La respuesta a la sociedad difícil que vivimos es la que nos señalan San Vicente y los mártires: la fe, que el mundo crea y no se separe de Dios, como Dios no se separa del hombre, irrevocablemente unido a Él por la creación y sobre todo por la Encarnación del Verbo Eterno, Hijo único de Dios. La hora presente, nos dicen con su martirio San Vicente y todos nuestros mártires debe ser la hora gozosa del testimonio y del anuncio del Evangelio, la hora del renacimiento espiritual y moral, la hora de Dios -de su reconocimiento y afirmación- la hora de la esperanza que no defrauda, la hora de renovar la vida interior de las comunidades eclesiales y de emprender o proseguir una fuerte y vigorosa, sólida y audaz, acción evangelizadora. Vivir la fe y comunicarla a los demás es nuestro mejor y más inaplazable servicio a los hombres.

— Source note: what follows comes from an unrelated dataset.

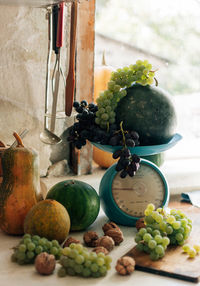 Autumn still life with pumpkins,walnuts,melons, watermelon and grapes on a scale to scale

En esta fiesta de San Vicente Mártir nos llega una llamada, que se condensa en aquellas palabras de Juan Pablo II al pisar tierra española en el aeropuerto de Barajas por vez primera: «Es necesario que los católicos españoles sepáis recobrar el vigor pleno del espíritu, la valentía de una fe vivida, la lucidez evangélica iluminada por el amor profundo al hombre hermano. Para sacar de ahí la fuerza renovada que os haga siempre infatigables creadores de diálogo y promotores de justicia, alentadores de cultura y elevación humana y moral del pueblo. En un clima de respetuosa convivencia con las otras legítimas opciones, mientras exigís el justo respeto a las vuestras».
Mantengamos firme nuestra fe y el testimonio del Evangelio, que San Vicente selló con su sangre, como los mártires de todos los tiempos, también los de hoy. Ellos están con nosotros, interceden por nosotros, nos alientan. San Vicente, mártir, ruega por Valencia, tu ciudad, en la que tú recibiste la corona y el triunfo del martirio, en la que alcanzaste tu victoria sobre la fuerzas del mal. Aquí, en Valencia, fuiste vencedor, ¡sigue siendo vencedor en estos tiempos que se quiere derrotar la fe, pero esa fe, que fue fruto también de tu sangre arraigada en Valencia sea hoy la victoria nuestra!